I'd consider that a further enhancement, as it applies to any other Maven dependency too

AFAIK, that's the not case. Maven only supports overriding properties when a (p|b)om is used as the project's parent.

Yes, but since Gradle has no concept of a "parent", we'd need some other channel to convey properties to the Maven resolver. Probably on a project-wide basis, not per dependency. Does that make sense?

It does. As shown in the link I shared above, that's exactly what the Dependency Management Plugin does. Unfortunately, without the ability to override properties, Gradle's bom support will be of limited use to Spring users and we'll continue to recommend the use of the dependency management plugin instead.

I think we'll solve that another way with the upcoming constraints DSL. As far as I can see spring.version only affects dependencies with a particular group. This could be managed using something like (pseudo code ahead!):

constraint {
  group  'org.springframework'
  version  '4.0.4.RELEASE'
}

This would upgrade the spring version to 4.0.4 even if the BOM contained something lower.

The major upside of this would be that these constraints would be propagated to downstream projects (both inside a multi-project build and through publishing to a repository). Maven resolver adjustments like setting properties on the other hand would be confined to a single build and thus not very useful when you have downstream consumers, because they would see the unaltered BOM.

I think we'll solve that another way with the upcoming constraints DSL

I think it would be better to support a Maven-specific concept in a way that maps directly onto Maven's way of doing things. To do differently would repeat the problems with subtly different handling of Maven exclusions.

As far as I can see spring.version only affects dependencies with a particular group

That's true for spring.version but it's by no means guaranteed to be the case, particularly when the property is controlling the version of a bom that's imported. A concrete example is Spring Boot's bom which imports Jetty's bom. Jetty's bom manages the versions of dependencies in multiple different groups.

With some regret, I have to say that I think this improvement in Gradle is actually going to make things worse overall.
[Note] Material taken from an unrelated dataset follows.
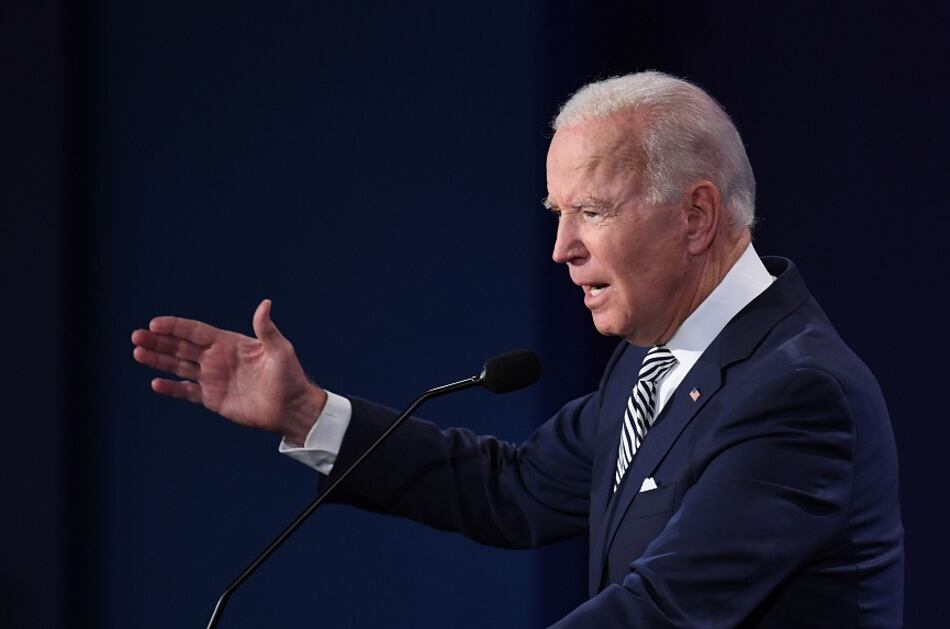 Biden habla de ‘vergüenza’; Trump alude a supremacistas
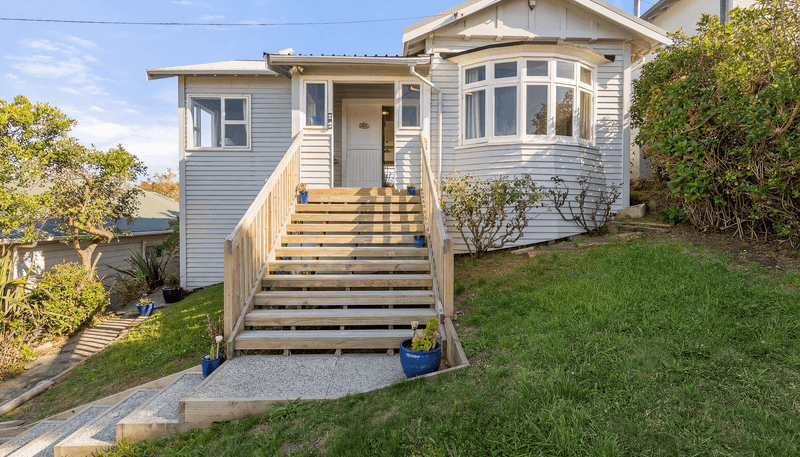 42 Tirangi Road, Rongotai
In my opinion, for this functionality to be generally useful, it needs to support as much of what Maven can do with a bom as possible, and do so in the same way as Maven. If the functionality is incomplete or works in subtly different ways to Maven's own support for the same concept, users are going to be left wondering how to map something that's easy when using a bom in Maven to Gradle and will sometimes come up blank. They'll then also have to decide between Gradle's own bom support or one of the third-party plugins that's currently filling the gap.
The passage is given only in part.